I managed to spend some time reflecting on ‘life’ with my family. I don’t know if it is just me but I am usually reminded of my childhood whenever I am surrounded by the family I grew up with. I find it amazing to compare our youthful dreams for the future and our adult reality. Despite having grown up together under similar circumstances, each of my family members have turned out very different and unique.
Fortunately as I am a homeschooling mother my days are very packed and very busy so I do not have much time for the world outside of my house. However, I have noticed that many of my family are struggling with the daily pressures of the working ‘outside’ world. My sister was just telling me that although she has the illusion of a successful life, a good job, a loyal boyfriend and a comfortable home, she doesn’t feel happy and successful, rather is filled with unease and regret. She has been asking for advice on how to change her life into one she can be proud of. I know this is not unique to her and that many people feel this same way. I’m sure it’s also due to the pressure of the new year resolutions bringing along with them judgement and expectations.

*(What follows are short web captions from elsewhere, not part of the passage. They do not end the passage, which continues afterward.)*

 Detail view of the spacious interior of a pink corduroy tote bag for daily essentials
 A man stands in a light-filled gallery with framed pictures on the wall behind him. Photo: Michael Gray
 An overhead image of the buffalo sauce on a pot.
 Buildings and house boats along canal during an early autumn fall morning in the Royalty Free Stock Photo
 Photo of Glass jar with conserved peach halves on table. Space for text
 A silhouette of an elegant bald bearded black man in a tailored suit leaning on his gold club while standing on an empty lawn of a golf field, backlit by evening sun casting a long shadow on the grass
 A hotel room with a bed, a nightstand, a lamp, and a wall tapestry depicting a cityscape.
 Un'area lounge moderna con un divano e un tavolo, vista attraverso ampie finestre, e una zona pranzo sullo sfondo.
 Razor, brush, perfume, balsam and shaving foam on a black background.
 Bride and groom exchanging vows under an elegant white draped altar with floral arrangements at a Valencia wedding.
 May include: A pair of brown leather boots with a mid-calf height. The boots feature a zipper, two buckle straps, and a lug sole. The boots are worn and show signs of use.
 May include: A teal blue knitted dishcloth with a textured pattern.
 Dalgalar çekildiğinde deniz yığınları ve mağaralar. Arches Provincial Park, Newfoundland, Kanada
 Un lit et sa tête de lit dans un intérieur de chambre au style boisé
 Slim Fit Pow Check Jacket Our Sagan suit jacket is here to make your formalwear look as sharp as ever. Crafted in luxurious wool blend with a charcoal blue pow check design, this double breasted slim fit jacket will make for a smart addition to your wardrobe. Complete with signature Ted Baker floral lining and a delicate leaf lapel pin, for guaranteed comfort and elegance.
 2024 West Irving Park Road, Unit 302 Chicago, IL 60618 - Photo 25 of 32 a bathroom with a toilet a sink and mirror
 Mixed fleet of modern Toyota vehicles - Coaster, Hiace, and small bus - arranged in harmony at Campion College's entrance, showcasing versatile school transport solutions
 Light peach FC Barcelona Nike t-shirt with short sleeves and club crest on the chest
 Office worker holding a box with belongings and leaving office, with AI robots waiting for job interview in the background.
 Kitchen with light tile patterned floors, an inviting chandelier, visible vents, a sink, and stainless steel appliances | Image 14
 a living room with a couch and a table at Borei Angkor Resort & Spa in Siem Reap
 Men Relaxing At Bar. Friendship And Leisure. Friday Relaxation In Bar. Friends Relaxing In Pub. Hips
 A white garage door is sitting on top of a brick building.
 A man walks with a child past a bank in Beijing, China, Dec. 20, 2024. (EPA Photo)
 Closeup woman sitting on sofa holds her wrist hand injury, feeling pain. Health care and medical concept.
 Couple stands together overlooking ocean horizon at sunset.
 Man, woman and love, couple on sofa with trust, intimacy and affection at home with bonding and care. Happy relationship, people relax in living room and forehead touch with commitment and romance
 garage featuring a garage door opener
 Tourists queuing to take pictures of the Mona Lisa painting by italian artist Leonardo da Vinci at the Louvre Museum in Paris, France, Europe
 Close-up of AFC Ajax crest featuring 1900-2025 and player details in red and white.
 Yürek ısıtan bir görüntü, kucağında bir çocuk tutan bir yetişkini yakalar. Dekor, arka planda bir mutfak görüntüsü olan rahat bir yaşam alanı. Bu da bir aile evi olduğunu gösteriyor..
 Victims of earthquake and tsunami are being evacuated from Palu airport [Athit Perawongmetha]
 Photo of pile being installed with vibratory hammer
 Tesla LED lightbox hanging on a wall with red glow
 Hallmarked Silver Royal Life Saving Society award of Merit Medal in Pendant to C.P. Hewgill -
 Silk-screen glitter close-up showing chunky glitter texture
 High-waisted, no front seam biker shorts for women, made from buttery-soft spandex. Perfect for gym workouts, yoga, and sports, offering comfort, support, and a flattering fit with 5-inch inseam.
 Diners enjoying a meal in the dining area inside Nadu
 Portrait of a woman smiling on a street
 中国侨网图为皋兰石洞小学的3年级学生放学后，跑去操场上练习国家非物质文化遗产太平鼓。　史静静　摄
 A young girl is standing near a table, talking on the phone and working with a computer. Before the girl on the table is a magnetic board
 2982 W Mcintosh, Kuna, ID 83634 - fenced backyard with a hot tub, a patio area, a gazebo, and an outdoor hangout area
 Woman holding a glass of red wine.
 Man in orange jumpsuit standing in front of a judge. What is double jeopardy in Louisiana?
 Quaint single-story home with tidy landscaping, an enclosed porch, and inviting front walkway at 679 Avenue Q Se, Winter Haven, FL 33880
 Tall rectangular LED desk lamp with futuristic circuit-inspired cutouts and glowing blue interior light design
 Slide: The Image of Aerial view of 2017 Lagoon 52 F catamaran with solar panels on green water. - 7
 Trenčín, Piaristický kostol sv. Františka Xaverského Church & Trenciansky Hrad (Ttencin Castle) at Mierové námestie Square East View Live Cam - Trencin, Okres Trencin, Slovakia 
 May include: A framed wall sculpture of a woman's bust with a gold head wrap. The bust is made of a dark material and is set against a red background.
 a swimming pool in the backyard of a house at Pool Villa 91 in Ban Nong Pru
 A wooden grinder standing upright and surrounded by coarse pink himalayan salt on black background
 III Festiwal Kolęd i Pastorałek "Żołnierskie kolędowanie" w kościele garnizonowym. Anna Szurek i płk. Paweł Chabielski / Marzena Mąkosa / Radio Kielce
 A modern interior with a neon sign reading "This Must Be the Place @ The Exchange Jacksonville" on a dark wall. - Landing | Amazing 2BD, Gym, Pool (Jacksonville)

I was very stumped by this talk and was really at a loss for words. I have seen the signs recently of my sisters increased unhappiness and despite my sporadic advice I have been feeling very guilty and helpless. Nevertheless, I find it very difficult to help certain people as the only ‘life’ advice I have for anyone involves God and not everyone believes in Him. I don’t like to impose my beliefs on anyone and have always struggled to find that balance between inviting others to the Truth and preaching. Therefore I am at a loss as to how I can help people feel proud about their life choices. All I know is that I have the opportunity now to help my sister before she gets in a more desperate state. I myself have felt such desolation at one point in my life that I was filled with such hopelessness and I don’t want my sister to experience that. Regardless, I am grateful for that point in my life because it led me to finding meaning and purpose in life through God.
Please let me know what you all think about this. I would be very grateful for any advice.
“The world is 3 days: As for yesterday, it has vanished along with all that was in it. As for tomorrow, you may never see it. As for today, it is yours, so work on it.”